A rhythmical puffing sound was coming from somewhere, like a distant train. Or someone gasping for breath. He was beginning to feel peculiar now, he didn't like it. Then he heard voices, and someone asking: ‘Where's Tom?' That was Frances.

‘I'm in here,' he called. He shut up the front of the house, and the lid in his head went click, though he'd shut it already. The huffing and puffing continued, from quite close, he realised now, from just the other side of the door across the cellar. He went over quickly, pressing his face to the gap: he could see Robert's back, and bits of the others. ‘Here!' he called. ‘Let me out.'

‘It's locked,' Robert said to Frances, who came to the door, putting her eye to the gap. She and Tom looked at each other: he saw her pupil grow dark and enormous.

‘What are you doing in there?' she said. ‘You'll have to go back up the stairs, go on.'

‘Can't I come out here?'

‘Tom, it's locked, Robert's just said so. Go on, off you go – you can help us with the dinghy, can't he, Robert?'

‘More the merrier,' said Robert. Frances moved away from the gap and Tom caught a glimpse of blue and yellow, Robert's foot going up and down.

‘Coming!' He turned and made for the stairs. In the far corner, in the shadows, the shepherd's cloak stood watching: he felt himself, realising this, turn, as sharply as if a wire were pulling him, into a wide, sweeping circle away from it. He ran up the stairs, slamming the door behind him at the top, and dashed through the kitchen, where Claire was doing things.

‘You okay?' she asked, as he went past.

‘Fine, I'm going to help Robert.' He pushed open the door and Guida, ringing out clothes up at the water tank at the top of the steps, waved down to him.

‘Bom dia.'

‘Bom dia!'
he called. ‘
Bom dia!
We're going out in a boat.'

She smiled and nodded, uncomprehending, and he raced down the steps to the garden, disturbing the crouching cat beneath them: she leapt towards the bushes.

‘Hello, puss!' Running round the side of the house, he meant to tell Frances about the model house down in the cellar, but then he saw the dinghy, the white nylon ropes round the side, its beautiful colours swelling and growing with the steady puff puff of the foot pump, coming alive, and he forgot about everything else.

Deep reflections of the towering cliff face and the pines sank into the shining water on the far side of the river, and broke, rippling, steady and slow, over the slippery rocks as Robert rowed the dinghy down towards the bend. Out here, in the middle of the river, the water was deep, the current lazy: they were away from the rocks, away from the pebbled shallows on the near side where they had spent the other morning watching dragonflies and fishing with the nets. It was very hot, but the boys were wearing their sunhats and trailing their hands over the sides; birdsong and the gentle plash of the oars were the only sounds to break the silence.

Claire and Frances, sitting on the shady grey sand of the bank, waved as they went past, and the boys waved back, smiling, clearly soothed.

‘Perfect,' said Frances, watching them. ‘You're very clever.' She felt in the family beach bag for the last packet of cigarettes. ‘Do you mind…?'

‘Go ahead,' said Claire. ‘It keeps the flies off.'

Frances lit and inhaled deeply, shaking out the match.
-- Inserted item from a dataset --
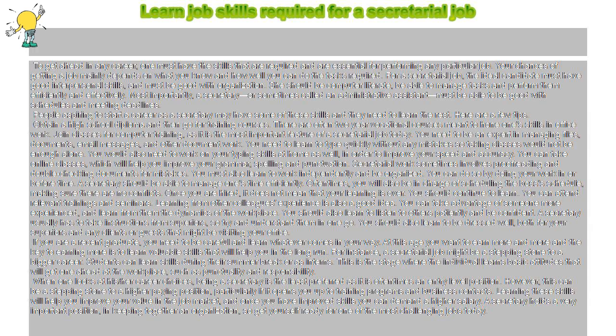You must also learn to work independently and be organized. You can do so by doing your work in or before time. Oftentimes, you will also be in charge of scheduling the boss's schedule, making sure there are no conflicts.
Robert and the boys were rounding the bend, the mass of cliff to their right, and on their left the gentle slope of the mountainside where she had gone walking yesterday afternoon, writing to Dora. She blew out smoke in a slow cloud, feeling this, the first cigarette of the day, make her light-headed.

‘Tom seems fine now, doesn't he?' said Claire.
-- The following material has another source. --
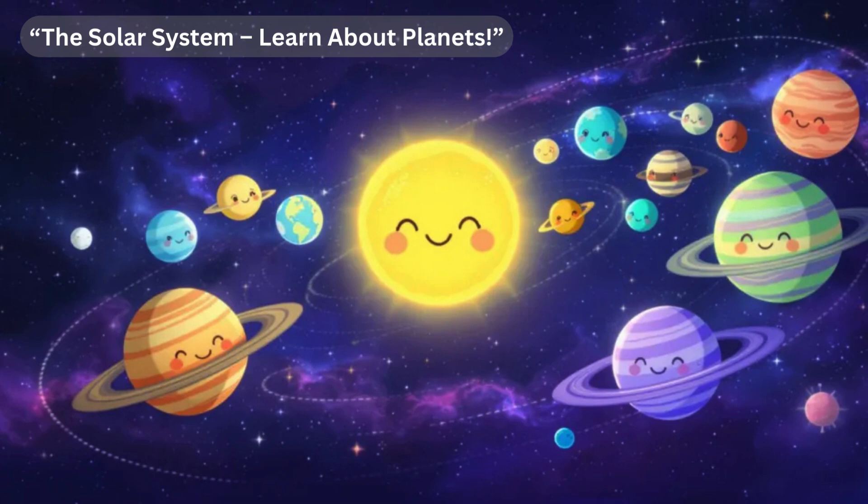Hello friends, today we will learn about our solar system. At the center of our solar system we have the sun. The sun is a huge, hot ball of glowing gases, primarily hydrogen and helium. It produces energy through nuclear fusion, which gives us light and heat.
‘Yes, yes, he does – I told you, he always is the next day. Last night was different, but I think he's forgotten all about it now, thank God.' She inhaled again, coming down a little as nicotine and bloodstream renewed their acquaintance. ‘I'm just sorry it gave you all such a bad night.'

‘It didn't, not in the end. It was rather nice having Jess in with me again, we haven't done it for ages. What about you – did you sleep all right afterwards?'

‘Oh, yes, fine, thanks.'

I should have
Fine, thanks
, stamped on a badge and pinned to me, thought Frances, in whom last night's dreams still lingered, and she shut her eyes, at once seeing herself in the office, on a stream of Monday mornings, waiting for Dora's step on the stairs.